ASSIGNED TASK: Write out, without any change, the lines in the material below that run from the line with "4F MĘSKA BLUZA" through the line with "White, variant on", both included.

DATA SUPPLIED:
•••
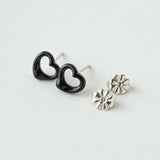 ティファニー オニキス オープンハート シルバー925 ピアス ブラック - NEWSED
•••
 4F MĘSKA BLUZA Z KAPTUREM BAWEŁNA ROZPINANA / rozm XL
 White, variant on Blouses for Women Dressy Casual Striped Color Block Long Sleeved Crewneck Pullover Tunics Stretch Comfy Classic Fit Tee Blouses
•••
RESULT BELOW:
 4F MĘSKA BLUZA Z KAPTUREM BAWEŁNA ROZPINANA / rozm XL
 White, variant on Blouses for Women Dressy Casual Striped Color Block Long Sleeved Crewneck Pullover Tunics Stretch Comfy Classic Fit Tee Blouses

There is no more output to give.